Carlo Rienzi, presidente del Codacons, ha purtroppo confermato questa triste tendenza. La crisi economica non ha fatto tarocchialtro che contribuire al dilagare senza freni del mondo dell’occultismo, ritenuto da molti la chiave dei loro problemi. A spingere padri di famiglia o mogli morigerate a rivolgersi a sensitivi e fattucchiere, che si rivelano essere veri e propri truffatori, è la disperazione. Gli italiani si convincono che la lettura delle carte, la cartomanzia e la magia possano risolvere d’incanto tutti i problemi economici, o quantomeno che possano trovare nel mondo dell’occulto una speranza, un motivo per andare avanti. Non è un caso infatti che molti consulti dei “professionisti” della cartomanzia ricadano nella sfera economica, magari nella speranza di avere notizie su un lavoro imminente o, perché no, avere i numeri vincenti dell’enalotto.

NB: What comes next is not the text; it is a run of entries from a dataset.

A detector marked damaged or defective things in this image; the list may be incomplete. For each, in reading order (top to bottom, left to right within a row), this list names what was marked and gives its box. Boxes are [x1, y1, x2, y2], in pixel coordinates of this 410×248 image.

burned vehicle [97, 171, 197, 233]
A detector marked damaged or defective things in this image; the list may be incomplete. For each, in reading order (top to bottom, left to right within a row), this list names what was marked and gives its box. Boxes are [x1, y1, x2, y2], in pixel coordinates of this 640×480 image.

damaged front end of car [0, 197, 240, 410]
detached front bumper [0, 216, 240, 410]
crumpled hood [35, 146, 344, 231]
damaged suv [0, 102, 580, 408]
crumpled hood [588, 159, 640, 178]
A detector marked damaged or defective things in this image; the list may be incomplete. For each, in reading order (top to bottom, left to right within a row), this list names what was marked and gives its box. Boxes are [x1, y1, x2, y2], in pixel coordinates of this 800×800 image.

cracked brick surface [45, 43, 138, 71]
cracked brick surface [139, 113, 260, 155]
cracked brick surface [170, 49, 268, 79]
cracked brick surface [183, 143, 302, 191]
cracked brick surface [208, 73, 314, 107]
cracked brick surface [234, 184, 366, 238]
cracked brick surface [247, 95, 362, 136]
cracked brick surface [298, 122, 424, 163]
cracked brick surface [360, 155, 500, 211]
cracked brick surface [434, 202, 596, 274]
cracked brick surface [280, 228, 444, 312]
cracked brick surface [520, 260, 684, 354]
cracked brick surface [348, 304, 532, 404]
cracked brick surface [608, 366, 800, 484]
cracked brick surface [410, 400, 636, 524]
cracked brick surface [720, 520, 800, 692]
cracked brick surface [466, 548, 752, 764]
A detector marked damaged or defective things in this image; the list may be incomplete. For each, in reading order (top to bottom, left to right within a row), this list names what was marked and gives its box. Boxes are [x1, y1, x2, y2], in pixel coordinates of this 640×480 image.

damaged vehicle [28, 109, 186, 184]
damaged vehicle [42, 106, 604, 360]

Sensitivi e fattucchiere tuttavia non sono rimasti ancorati al passato, per quanto ingenua possa essere la gente difficilmente crede ad intrugli fatti con ali di pipistrello e occhi di rana. Ecco quindi che su Internet sono spuntati come funghi siti di cartomanzia, per sfruttare l’onda lunga del “mare magnum” del web. Con la tecnologia anche i siti dell’occulto e della magia possono essere consultati e sono a portata di clic per chiunque. Con questi nuovi sistemi si cancella anche la vergogna di ricorrere alla cartomanzia, poiché i siti web garantiscono l’anonimato della persona lontano da orecchie e occhi indiscreti. In alternativa ci sono i vecchi metodi, come i numeri di telefono per chiedere un consulto all'”oracolo” di turno.